When I entered the office, I saw Andy sitting across the desk from the principal. He was crying. The principal’s face was beet red. I had never seen anyone with a face that was actually the color red from anger before. I sat down. He looked at us.
“Fuck you, Ratman?” He shouted at us. “FUCK YOU, RATMAN?! You think we’re going to allow that?!”
It became clear now. A student had written an op-ed piece for the Mushroom Cloud about the assistant principal with the not-so-eloquent title “Fuck you, Ratman.” It was the straw that broke the camel’s back.
The principal angrily outlined our downfall: a student brought a copy of the Mushroom Cloud home where her poor mom was “horrified” to read words like “fuck you” and “hump me, baby” and got on the phone to call another mom. Then that mom called a mom, and another mom, and so on. Soon the principal had two phone receivers to his ears at once with calls about the “filthy, obscene” literature being distributed to the young minds at Port High.
“And here we are,” he said. I tried in vain to say something along the lines of, “well, like, we have, like, first amendment rights, you know.”
“Not in High School, you don’t!” the principal shouted at us. I tried explaining that I didn’t understand why we were being punished for a creative venture that encouraged students to write and– albeit crudely–voice their opinion. The principal angrily told us we should have joined the staff of the official school newspaper. When I mentioned how boring the paper was and the parent-teacher board of Catholic moms armed with red markers, the principal shrugged angrily.
“Wake up! That’s life!” He hurled out. Me and my colleague were given a three day, out of school suspension, the most severe punishment. We were told that if we participated in any extra- curricular activity that wasn’t school approved, we would be recommended for expulsion.
We were sent home. Several Mushroom Cloud staff members went to the principal the next day to tell him that his verdict was unfair and that they would protest outside of the school. The principal shot down that plan by telling them that doing so would give each of them a three day out of school suspension. The school sent my parents a copy of the Mushroom Cloud with every offensive word highlighted brightly. Although my parents admired my creative output, the profanity offended them and they grounded me for a lengthy period of time. With the expulsion threat and a pair of angry parents I decided my career in the underground press needed to go on hiatus for awhile.

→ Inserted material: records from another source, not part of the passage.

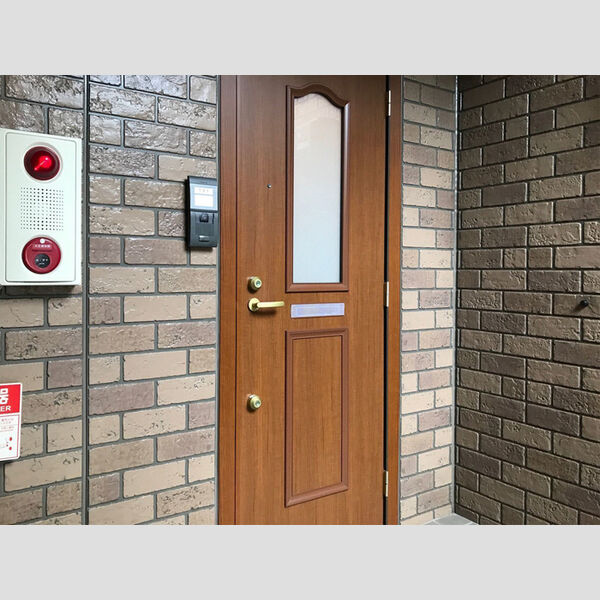 エントランス (エントランス)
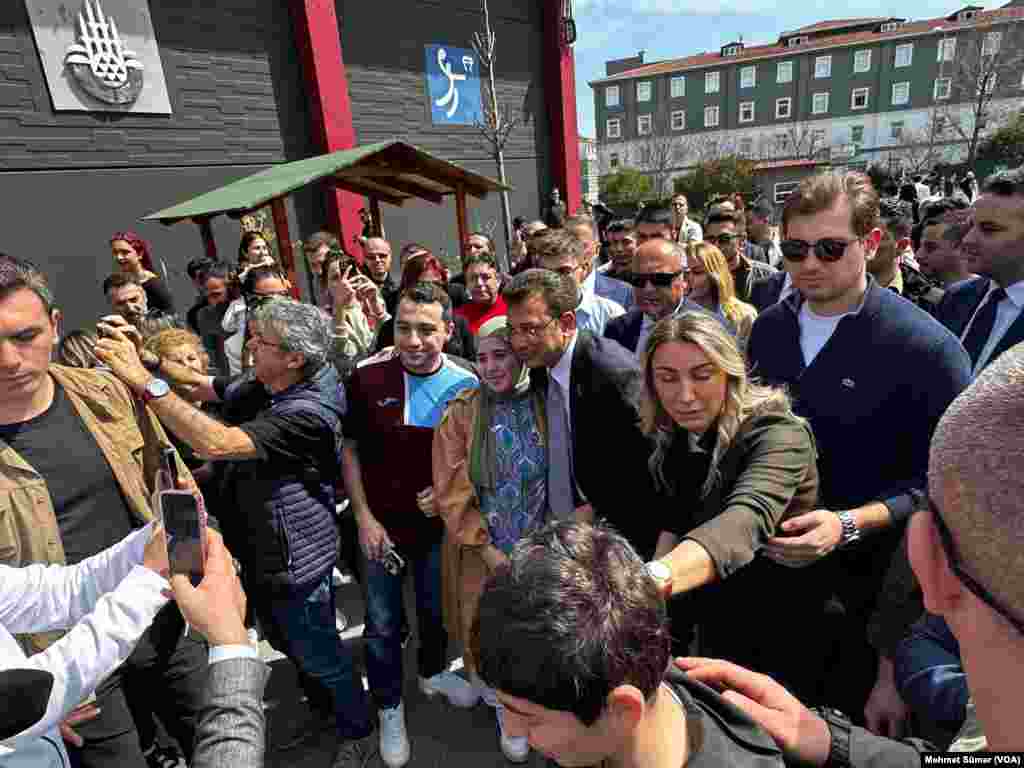 CHP&#39;nin İstanbul Büyükşehir Belediye Başkan adayı ve mevcut başkanı Ekrem İmamoğlu&nbsp;Beylikdüzü&rsquo;ndeki Emin Yükseloğlu Kız Anadolu İmam Hatip Lisesi&rsquo;nde oyunu kullandı. Mehmet Sümer, İstanbul&nbsp;&nbsp;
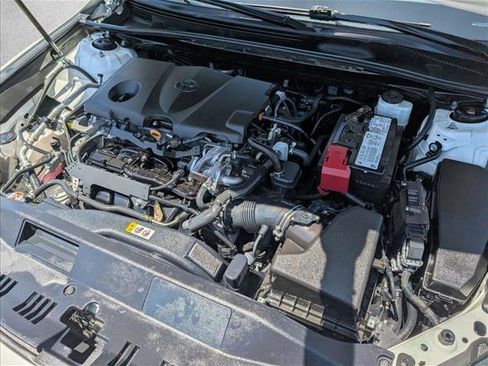 Used 2020 Toyota Camry XSE FWD image 21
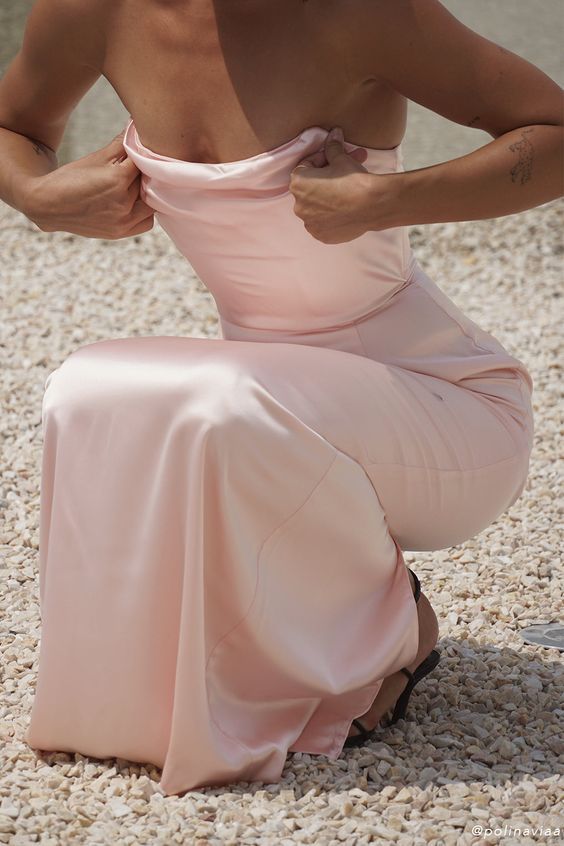 Pink Long Prom Dress, Prom Dress Inspo, Prom Dresses Long Pink, Chique Outfits, Prom Dress Inspiration, Cute Prom Dresses, فستان سهرة, Pretty Prom Dresses, Strapless Maxi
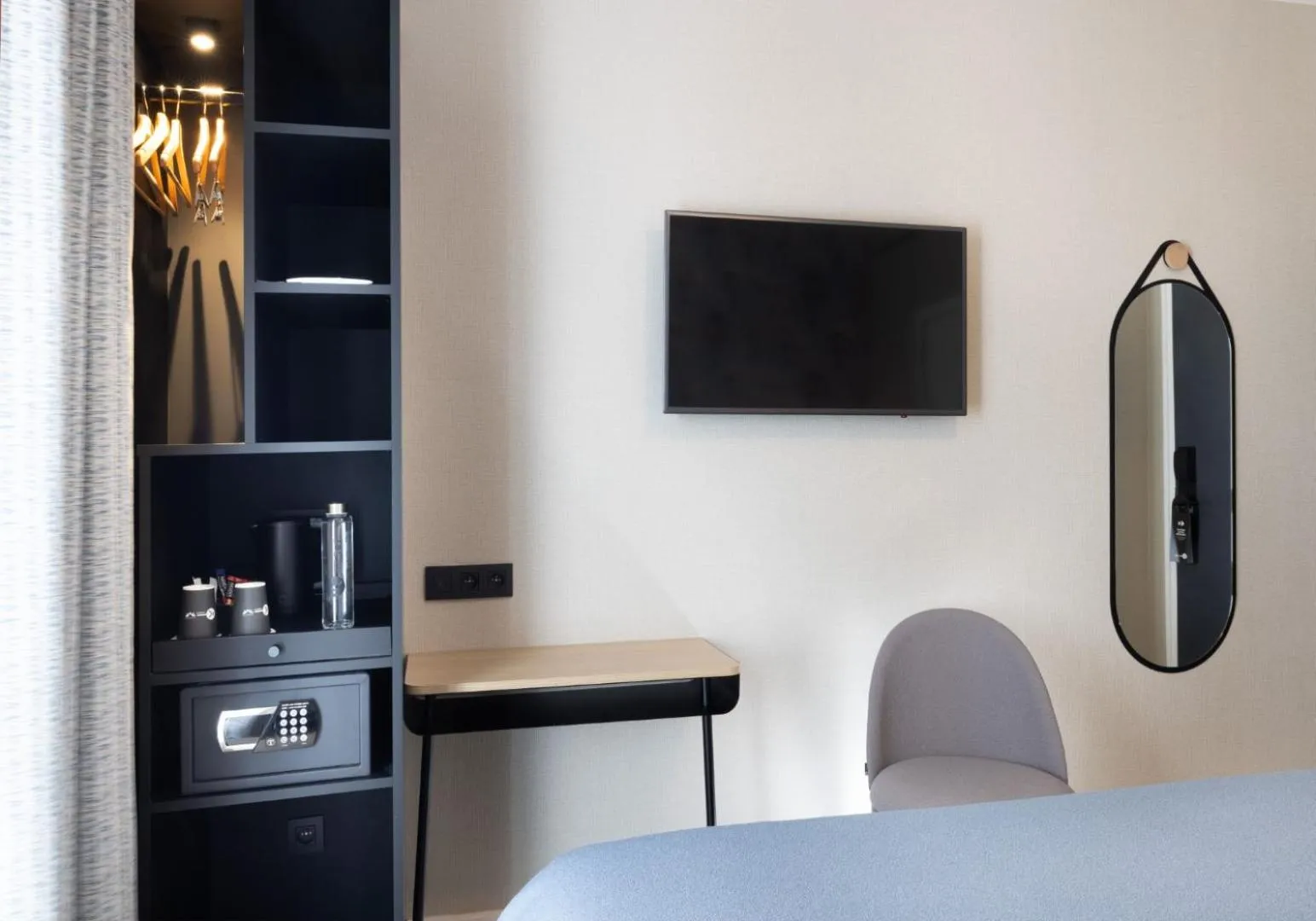 TV and multimedia, Bed in Hotel le 46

When I returned to school in the fall of my Junior year, though, I found a surprise in the hallway—a photocopy of a newsletter called Mushroom Cloud. “We’re back from the dead, and under new management,” it said on the cover, which had clipped the logo from an old issue of the newsletter. To this day, I have no idea who was responsible. Inside this mysterious new publication was Mushroom Cloud– style satire, which I thought was not as clever or well laid out as the original, as I pointed out to the principal when I found myself back in his office with a demand to explain it.
Still, I suppose, imitation is the best form of flattery.